Today, a dense forest with about 700 species of trees, including sandalwood and innumerable natural habitation, is visible on this land. It is also home to various birds, which were never seen even in the surrounding villages. Arrangements have been made for natural water bodies, which takes care of the water needs of the plants and the animals. The forest is now maintained under Biodiversity Research and Conservation Trust (BCRT), whose members are local villagers. The Trust also organises some agriculture related activities to create awareness among the farmers. Some students, botanist and researchers also now come here to collect information about the nature. The BCRT also distributed about 80,000 free saplings to surrounding villages and planted saplings in 100 schools.
Both the brothers did not stop here. With the help of some interested villagers, they created two more wonders. First is the DNA Temple, which educates people about DNA. This temple has been set-up after the father of Dr Malali Gowda and Krishnamurthy. For those who know about DNA, it is a case study. It is a good initiative to popularise the DNA. Forget the genetic scientists the farmers too now have some knowledge of this purely scientific term.
Another wonder is a Medicinal Park developed at one and a half acre land of Shri Malligowda. It has more than 125 species of rare medicinal plants including Mangarbelli, Madhunashani, Rudraksh, Insulin, etc. Therefore, once in two months, traditional doctors (Vaidyas) visit the park and share their knowledge with each other. They hope that this exercise will ensure that the knowledge is passed to the next generation, thereby protecting traditional medicines. State’s traditional Vaidya’s council has also started extending help to the project. One more interesting feature of the experiment is that traditional doctors have started growing such medicinal plants into their respective gardens also.

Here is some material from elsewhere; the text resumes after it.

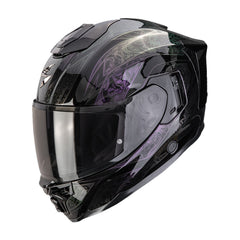 CASCO SCORPION EXO-1500 AIR FANTASY NEGRO / CAMALEÓN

The awareness for nature protection has generated to the extent that the villagers now celebrate their birthdays, wedding ceremonies and other auspicious occasions by planting saplings in the forest and also take responsibility to look after them. Till now about 300 such saplings have been planted. It is because of the attachment of the villagers that there is no fencing around the forest. The villagers themselves make sure that the cattle or other animals do not astray into it.

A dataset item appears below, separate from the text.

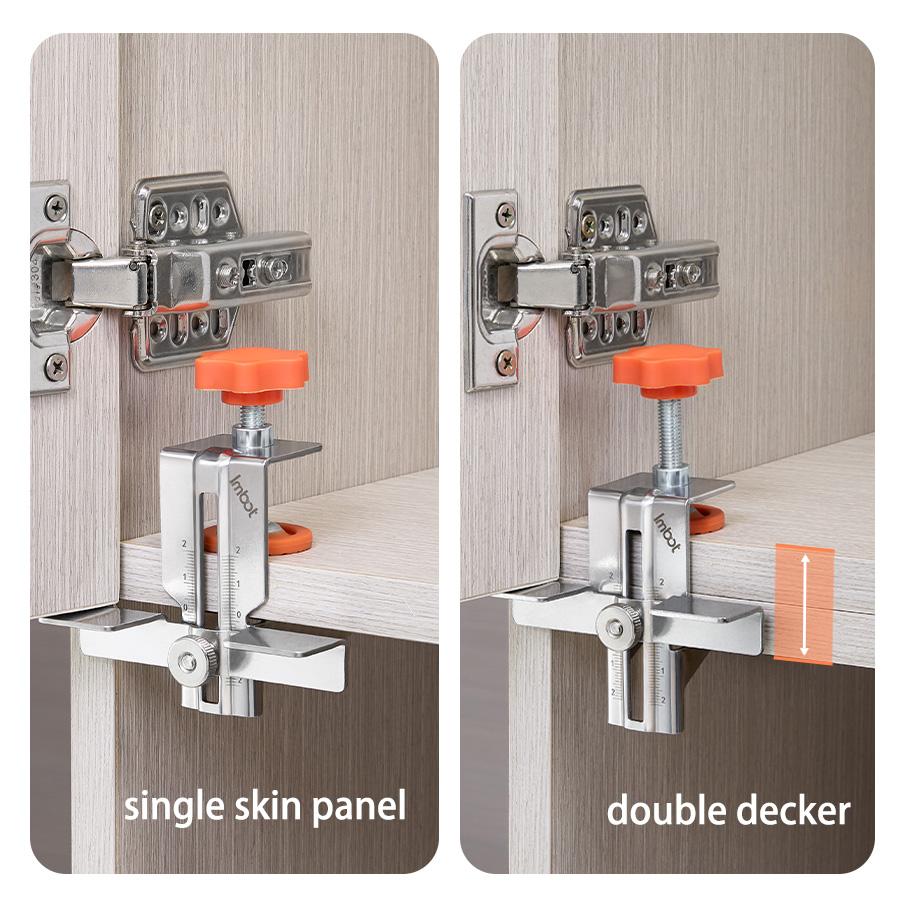 Imbot  Stainless Steel Cabinet Door Positioning Tool Kit Adjustable Jig for DIY Home Repairs and Installations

The initiative has received applause not only from the environment lovers of the State, country or the nearby villagers, but also from the former President of India Dr APJ Abdul Kalam who in 2006 presented Karnataka State’s ‘Dr APJ Abdul Kalam Parisara Prasasti (Paryavaran Puraskar) to BCRT. The rise in water level of the village from 100 feet deep in 2000 to just 6 feet deep has now encouraged the villagers to turn tree plantation into a movement. That is why saplings have been planted on both sides of three km road up to cross of the village road leading to Hassan-Belur main road. Not only this, they have also pledged to make their village a model village in all respects. “This is the finest model for an educational tour by schools and colleges. One can see here how trees can be grown into the rocks and how the nature responds when positive steps are taken,” says Transport Department officer Shri SS Pasha, who has done a wonder in adult literacy through Self-Help Groups (SHGs) in Hassan district.
Now there are efforts to turn the remaining village land also green. “Saplings have already been planted on another piece of equally rocky and sloppy land,” says Krishnamurthy. One more interesting point about this project is that it displays the change in mindset that the Apna Desh movement started by senior IAS of Karnataka Shri Bharatlal Meena has kicked off. Really, an example worth emulating all over the country to make the best use of the Government land in villages.